Coalition redux: Lessons learned Add to ...

Finally, if the coalition had gone ahead, what would the government of Canada have been working on right now? Assuming the New Democrats had been able to preserve their influence and power within that government, Canada's national government would have been working on a number of things.

First and in the grand scheme of things perhaps most important, the coalition government would have been working closely with the Obama administration on a real, effective continental cap-and-trade system to deal with climate change. Hopefully setting the scene for a strong environmental accord in Copenhagen later this month. We would have had to be realistic about what any U.S. administration can achieve within an 18th century republican constitution that has now become, fundamentally, a dysfunctional corporate kleptocracy. As Harold Wilson would have put it, we have to feel a little sorry for our American cousins for their even more regrettable constitution and system of government. But there was an opportunity on this issue for Canada to punch above its weight, to help counterbalance the coal, oil and other industries lobbying against progress with their chequebooks in the American Congress. In the process we could have been co-authors of what is likely to be a new environmental regime of fundamental importance to our economy.
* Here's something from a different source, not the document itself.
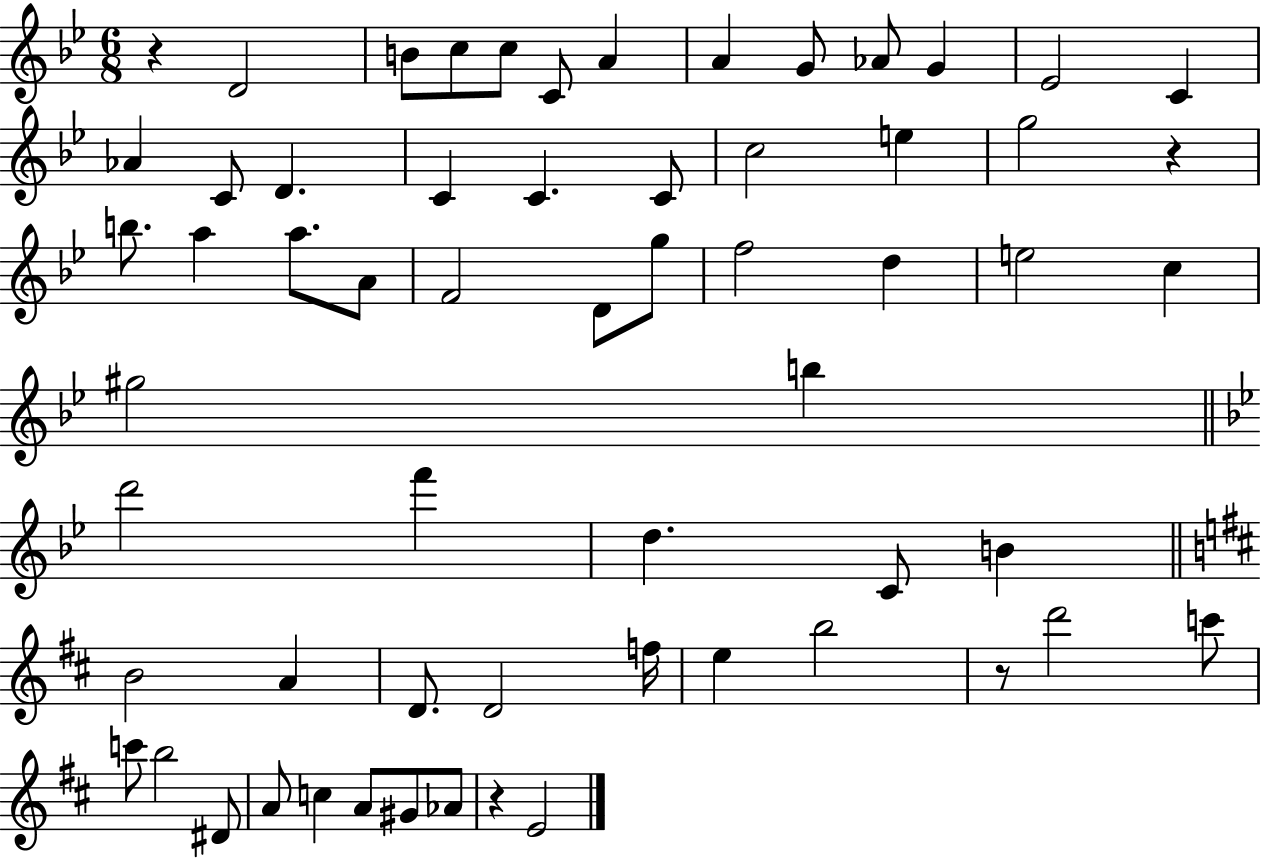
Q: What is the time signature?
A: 6/8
Instead, the Harper government was a passive bystander while the Americans debated the issue. It seems clear the Conservatives were angling for a weak and ineffective climate change regime that gave carte blanche to a limitless development of the Alberta tar sands - the Harper government's only apparent interest in the whole environmental file.

The coalition government would have introduced an early economic stimulus program, perhaps a larger and more quickly-deployed one than the Conservatives did. Always assuming the New Democrats were able to convince their partners in government, this program would have been a "smart stimulus" program similar to the one introduced in Australia by its new Labour government. The Australian program combined investments in traditional infrastructure (roads and bridges) with investments in social infrastructure (like schools) and in measures to reduce energy use, like a strong home insulation program.
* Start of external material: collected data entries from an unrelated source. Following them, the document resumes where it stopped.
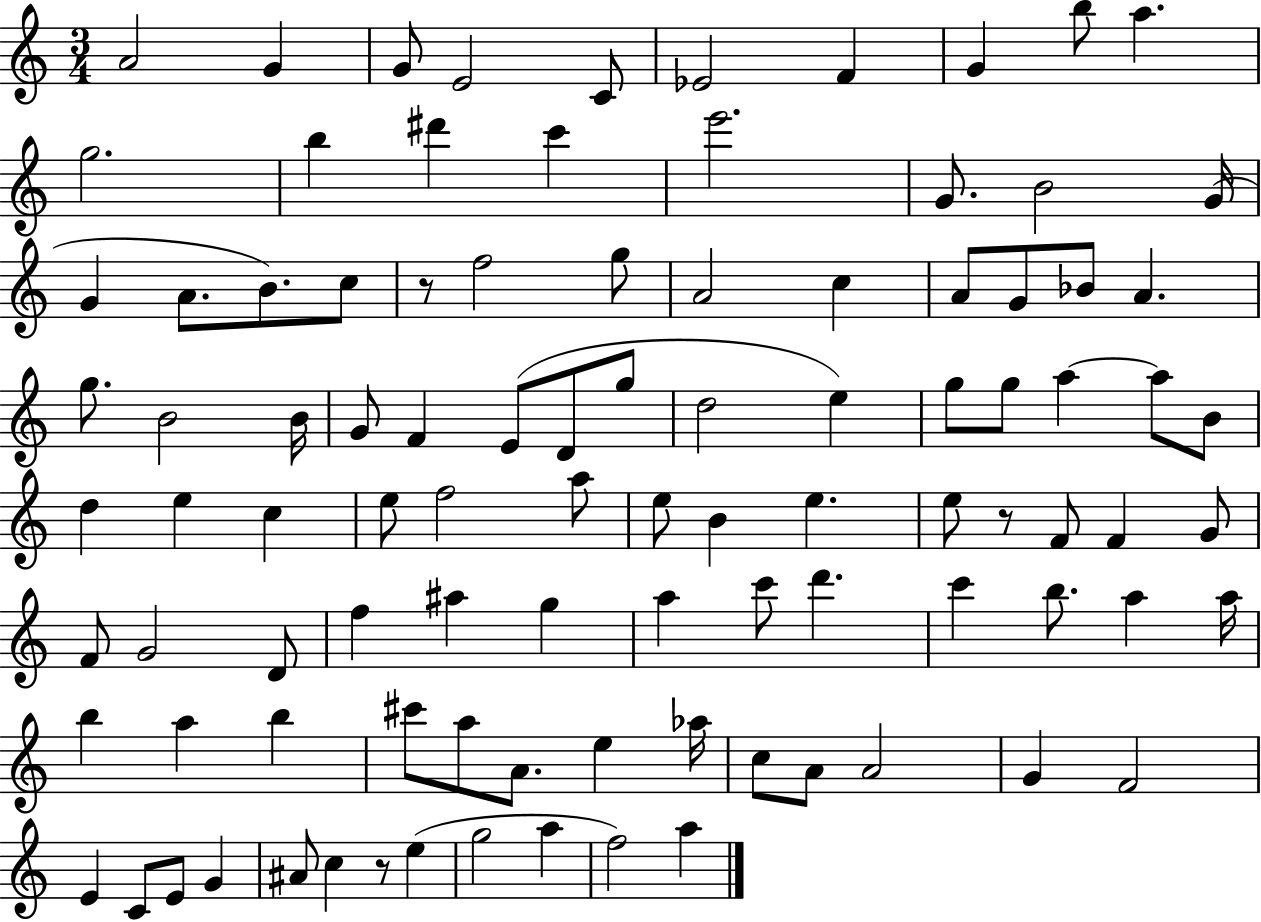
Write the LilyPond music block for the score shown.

{
  \clef treble
  \numericTimeSignature
  \time 3/4
  \key c \major
  a'2 g'4 | g'8 e'2 c'8 | ees'2 f'4 | g'4 b''8 a''4. | \break g''2. | b''4 dis'''4 c'''4 | e'''2. | g'8. b'2 g'16( | \break g'4 a'8. b'8.) c''8 | r8 f''2 g''8 | a'2 c''4 | a'8 g'8 bes'8 a'4. | \break g''8. b'2 b'16 | g'8 f'4 e'8( d'8 g''8 | d''2 e''4) | g''8 g''8 a''4~~ a''8 b'8 | \break d''4 e''4 c''4 | e''8 f''2 a''8 | e''8 b'4 e''4. | e''8 r8 f'8 f'4 g'8 | \break f'8 g'2 d'8 | f''4 ais''4 g''4 | a''4 c'''8 d'''4. | c'''4 b''8. a''4 a''16 | \break b''4 a''4 b''4 | cis'''8 a''8 a'8. e''4 aes''16 | c''8 a'8 a'2 | g'4 f'2 | \break e'4 c'8 e'8 g'4 | ais'8 c''4 r8 e''4( | g''2 a''4 | f''2) a''4 | \break \bar "|."
}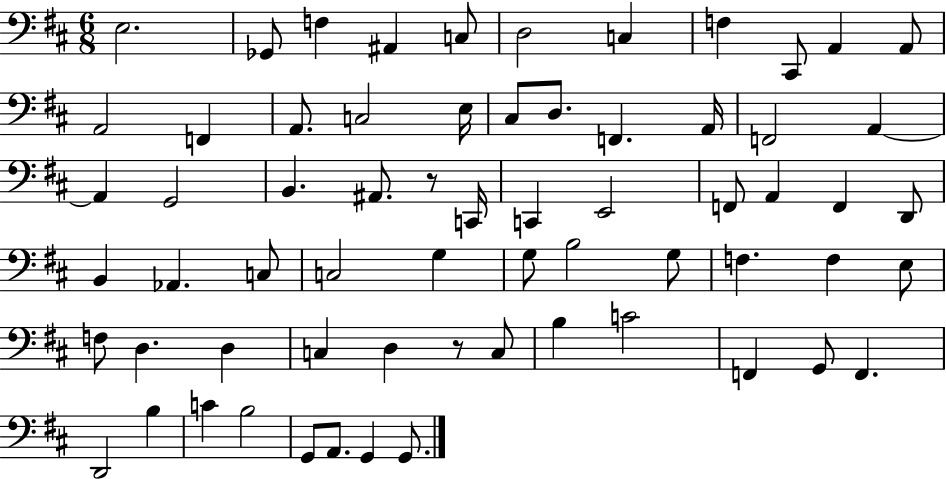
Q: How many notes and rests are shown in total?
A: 65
Instead, the Harper government dusted off a package of "shovel ready" old bricks and mortar infrastructure proposals, some 10 years old or older, and shovelled out the money, slowly. In the process they got themselves into trouble due to pathetic missteps by backbench government MPs, photographed at cheque presentations for Government of Canada funds, with prominent Conservative party logos on the cheques.

The coalition government would have taken a careful look at income security in these recessionary times. An important step New Democrats would have pushed hard would have been to consider affordable ways to begin undoing the damage Paul Martin did to employment insurance. First steps towards a better child benefit plan would have been a clear NDP demand inside the government, even if it did look like a fixed cost to Liberal researchers. Most importantly, the government would have had to grapple with the issue of pensions, particularly in the private sector.

The Harper government took a couple of big and important steps toward meeting New Democrat ideas on EI; has done nothing for families; and has no credible strategy on the pension issue.

The coalition government would have overseen the withdrawal of Canadian troops from Afghanistan in 2011, on time and on schedule, or would have broken up over the issue. That being so, Canada would likely have been doing what it could to mediate an honourable settlement in Afghanistan that allowed NATO as a whole to phase out its combat role. The fact that this week Barrack Obama set a July, 2011, deadline for U.S. troops to begin their own withdrawal from Afghanistan suggests we would have had important partners in this work.

Instead, the Harper government is contributing nothing to finding peace in that country. And as I write there is, disturbingly, much to learn about the fate of enemy combatants who surrendered to our country, on Mr. Harper's watch, in the course of the tragic conflict in Afghanistan.

The coalition government would have been debating what Canada could do to strengthen public health care. Perhaps the first steps towards a national catastrophic drug program would have emerged.